Tests used to diagnose M. tuberculosis infection include the tuberculin skin test (TST) and interferon-gamma release assays (IGRAs).11 In very young and immunocompromised children, TST has poor sensitivity.12,13 IGRA may have a role in diagnosing M. tuberculosis infection in immunocompromised children.1 The GeneXpert M. tuberculosis/resistance to rifampicin test was unavailable in South Africa during the study period.

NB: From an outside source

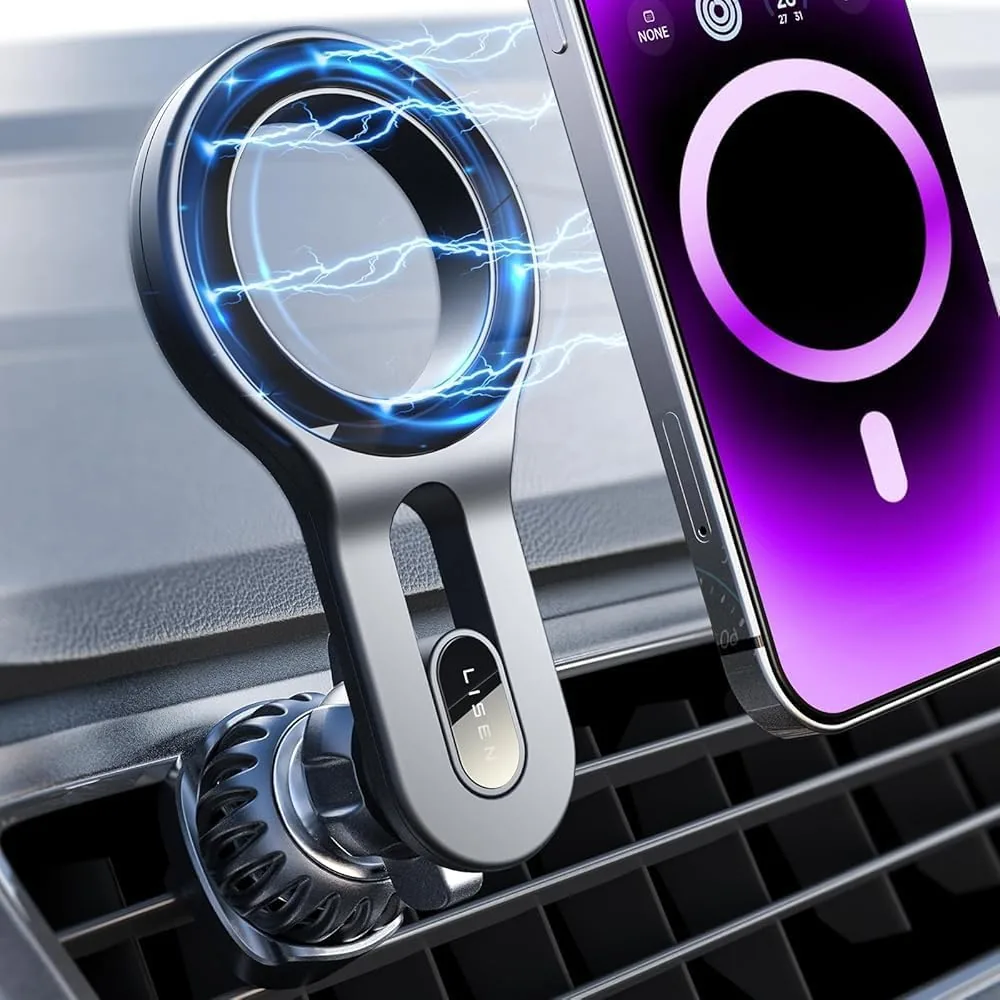 LISEN for MagSafe Car Mount, Magnetic Phone Holder for Car Vent Phone Mount product view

The aim of this study was to evaluate the prevalence of M. tuberculosis infection using TST and IGRA enzyme-linked immune absorbent spot (T-SPOT.TB Test; Oxford Immunotec Ltd, Oxford, United Kingdom) assay (T-Spot) in a cohort of children being initiated on cancer treatment and to describe the epidemiology of TB in these children.


All children admitted to the Paediatric Oncology Unit, Chris Hani Baragwanath Academic Hospital (CHBAH), Soweto, South Africa from 2011 to 2013 and diagnosed with cancer were enrolled and followed up until 2015. The hospital is a tertiary care center with 2 in-patient wards (total beds n = 45), an out-patient clinic and 2 community-residential facilities and a referral center for hospitals in the surrounding areas.

At enrollment, all children were screened for M. tuberculosis infection using the TST Mantoux method and the T-Spot test. For the Mantoux method, 0.1 mL of purified protein derivative RTS-2TU (TUBERSOL; Sanofi Pasteur, Toronto, ON, Canada) was intradermally injected on the volar aspect of the left forearm. The reactivity to the TST was measured within 48–72 hours14; a transverse diameter of ≥5 millimeters induration was indicative of underlying M. tuberculosis infection (all children were immunocompromised).

Five milliliters of blood was also obtained from all participants for the T-Spot test using a commercial kit (T-SPOT.TB).15 These tests were performed at the Respiratory and Meningeal Pathogens Research Unit, CHBAH using methods described by the manufacturer.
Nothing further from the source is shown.